Work order ▸ In the answer, each line must appear exactly as in the records, and no picture may appear.

Records for the exercise ▸
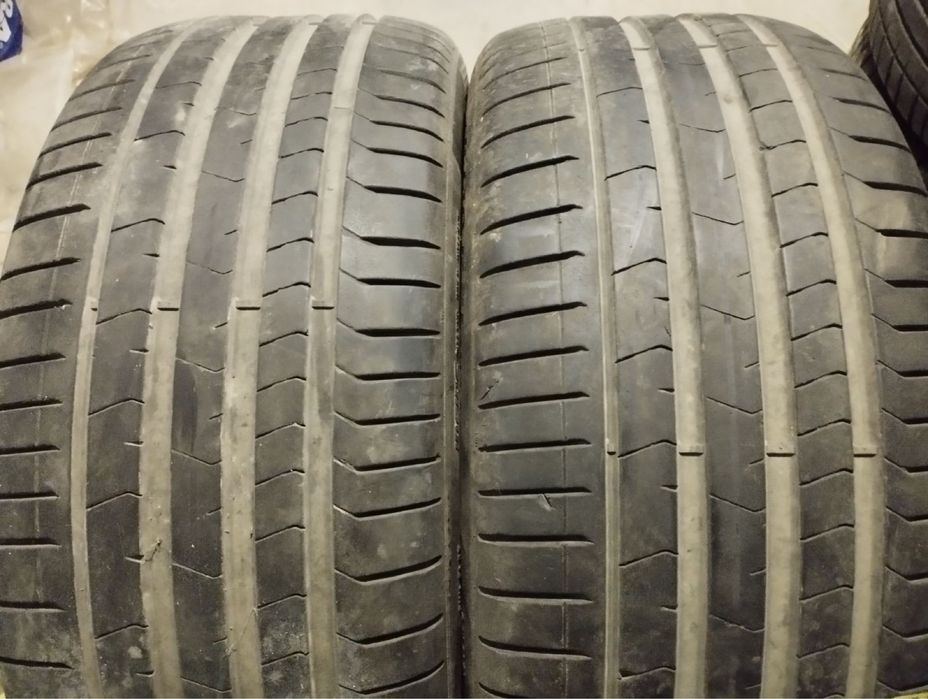 2 бр. Гуми Pirelli 275/40/21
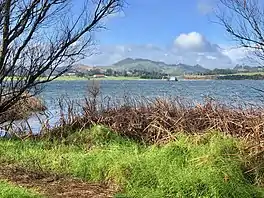 Lake Puketirini and Hakarimata Range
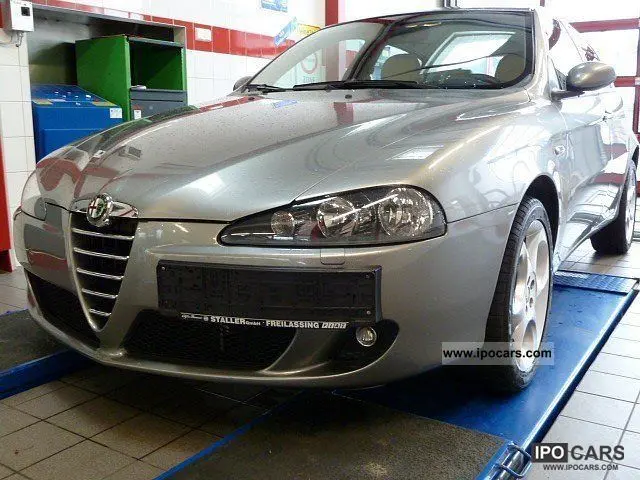 Alfa Romeo 147 147 1.6 TwinSpark Distinctive 2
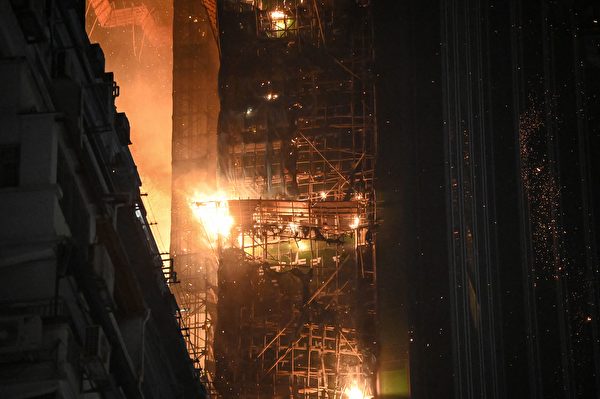 2023年3月2日深夜，香港尖沙咀一在建樓盤起火。（PETER PARKS/AFP via Getty Images）
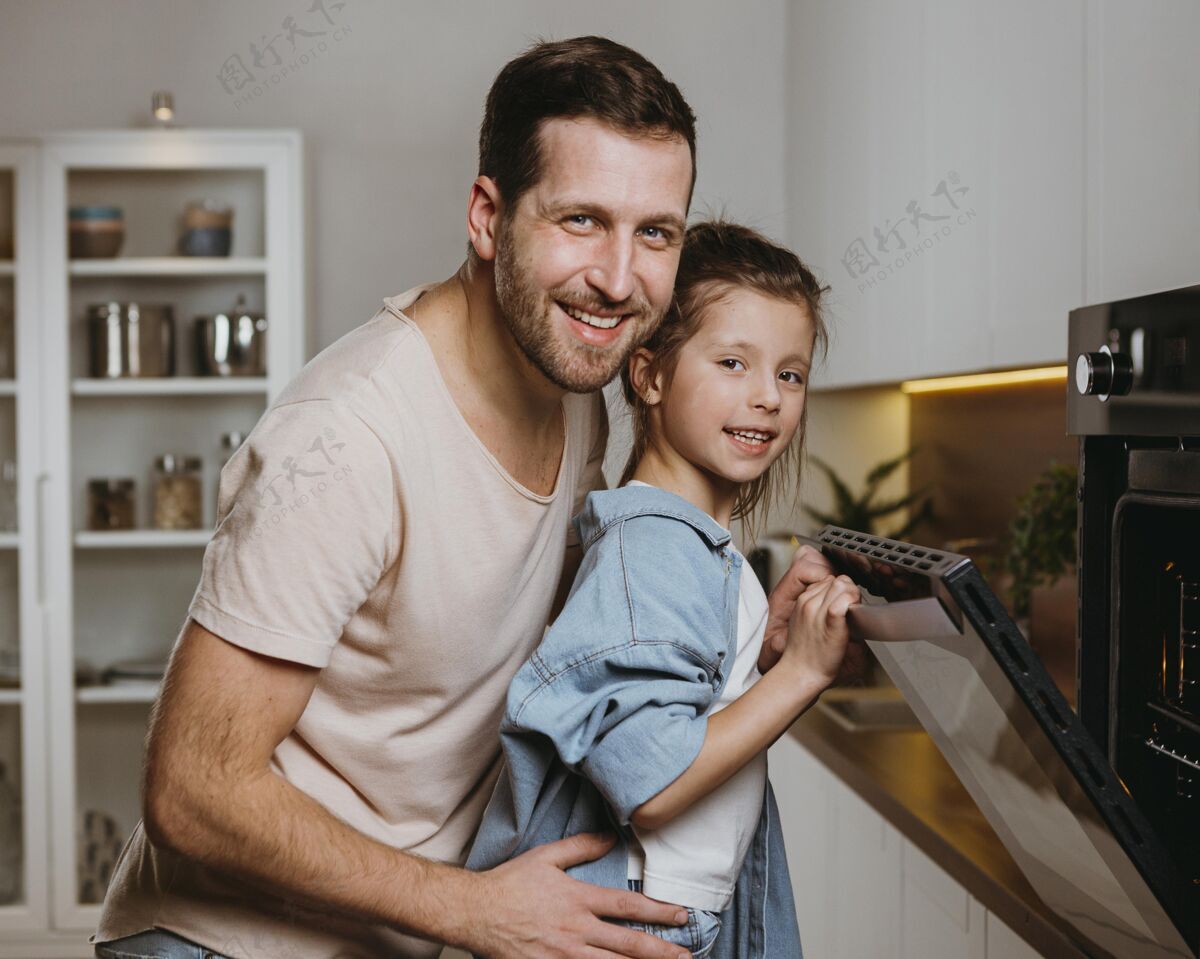 孩子爸爸和女儿在家一起烤饼干厨房一起侧视图
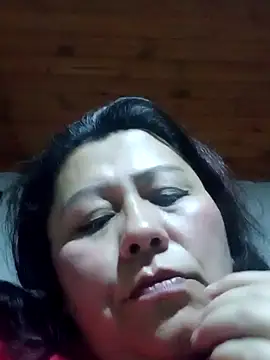 Snapshot of Darly_Gomez chatting on January 17, 2025, 3:34 am Darly Gomez online show from January 17, 2025, 3:34 am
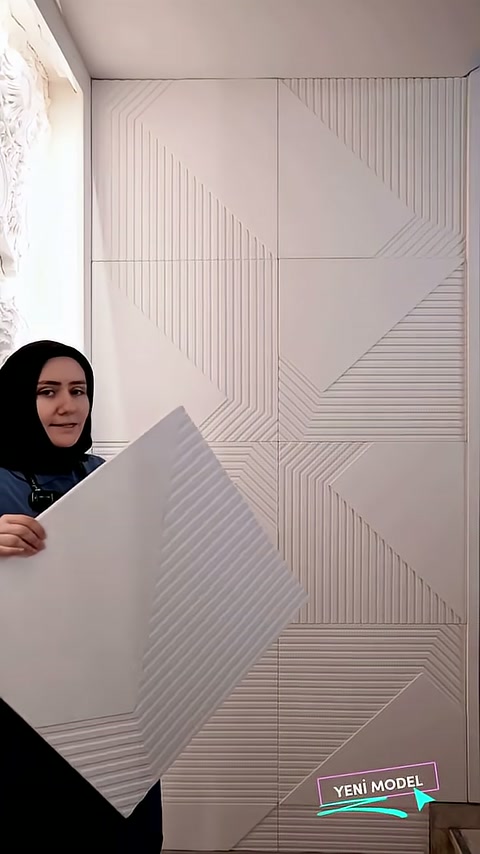 Baklava yönünde tutulan 3D panelde çizgili köşe dokusu öne çıkıyor.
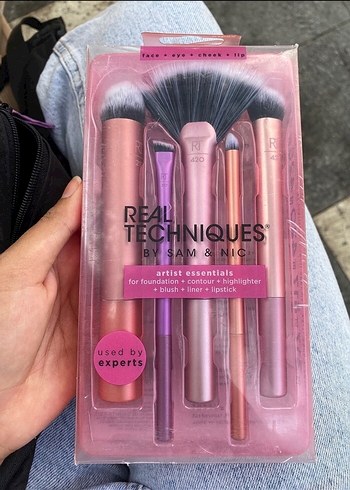 Real Techniques Pembe Makyaj Fırça Seti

Answer ▸
 2 бр. Гуми Pirelli 275/40/21
 Lake Puketirini and Hakarimata Range
 Alfa Romeo 147 147 1.6 TwinSpark Distinctive 2
 2023年3月2日深夜，香港尖沙咀一在建樓盤起火。（PETER PARKS/AFP via Getty Images）
 孩子爸爸和女儿在家一起烤饼干厨房一起侧视图
 Snapshot of Darly_Gomez chatting on January 17, 2025, 3:34 am Darly Gomez online show from January 17, 2025, 3:34 am
 Baklava yönünde tutulan 3D panelde çizgili köşe dokusu öne çıkıyor.
 Real Techniques Pembe Makyaj Fırça Seti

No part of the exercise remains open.